We had some really cool results at work today.
Well, cool looking. I kind of hesitate to call them “results”, since in theory we’re doing a scientific experiment here but I have no idea what our hypothesis is, much less what kind of data we’re getting here.
But it looked neat.
Today when the arcing streams hit our crystalline sample, they sort of… refracted. Which you don’t really expect to happen with an arc. It was like each beam split into four separate arcs which jumped away at right angles for about half a meter before they bent in mid-air. They kept making right turns until they’d traced squares in the air.
But then I moved to the side and saw that they were cubes. And then I moved to the side a bit more and saw that they were… cubed again. I walked a slow semi-circle around the experiment, not taking my eyes off it for more than was necessary to avoid falling off the platforms. Every step revealed new facets, another layer of cubic recursion.
“It’s like a tesseract,” I said out loud.
“But not,” Dr. Li whispered, uncomfortably close behind me. “Of course you would spot that. If a cube is a square in three dimensions and a tesseract is a square in four dimensions, then this time/space manifold represents a square in n-dimensions.”
I nodded, because it made a surprising amount of sense. And anyway, nothing that he said could be stranger than what I was seeing. In the space inside each square shape, the image of the lab around the apparatus was repeated, though distorted in a way I can’t quite explain or even call to mind.

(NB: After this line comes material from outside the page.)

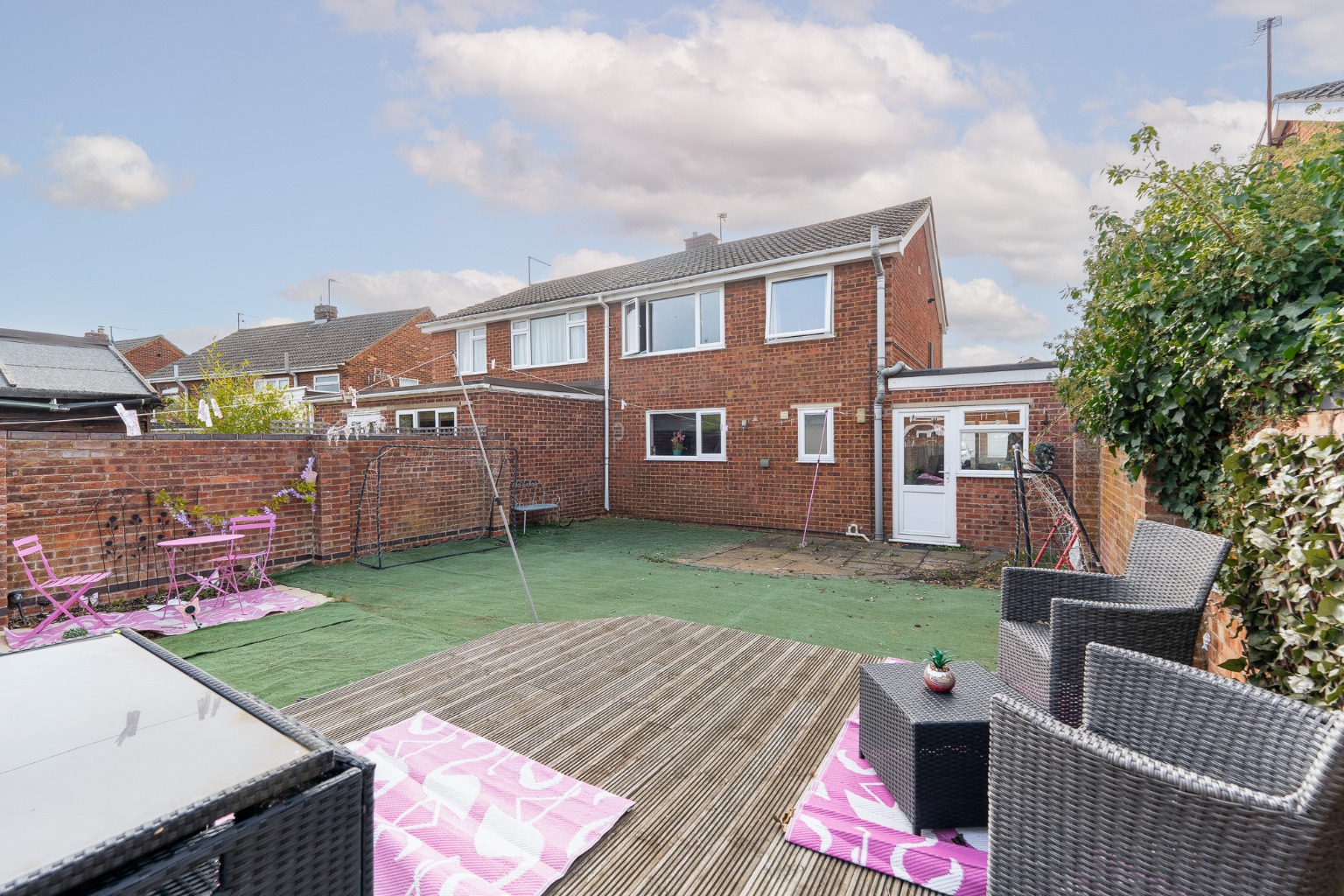 Three/four bedroom semi detached home located between the town and the station Property image 4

I became aware that the machine had been running for longer than any previous test. Usually it shut itself down amidst a shower of sparks, or someone threw a switch as soon as the beams started arcing out of control or the sample of the day exploded or melted down. This wasn’t out of control and our current sample had endured every test without any permanent change.
“Shut it down, people!” Dr. Cranor called out, and I watched as the graceful geometric transformation of space collapsed in on itself.
“We are close, so close,” she announced, as much to herself as the team, I think.
“Closer than she could possibly imagine,” Dr. Li said, still uncomfortably close to me.
This job would be great if I could just fire my boss. But I guess that’s pretty normal.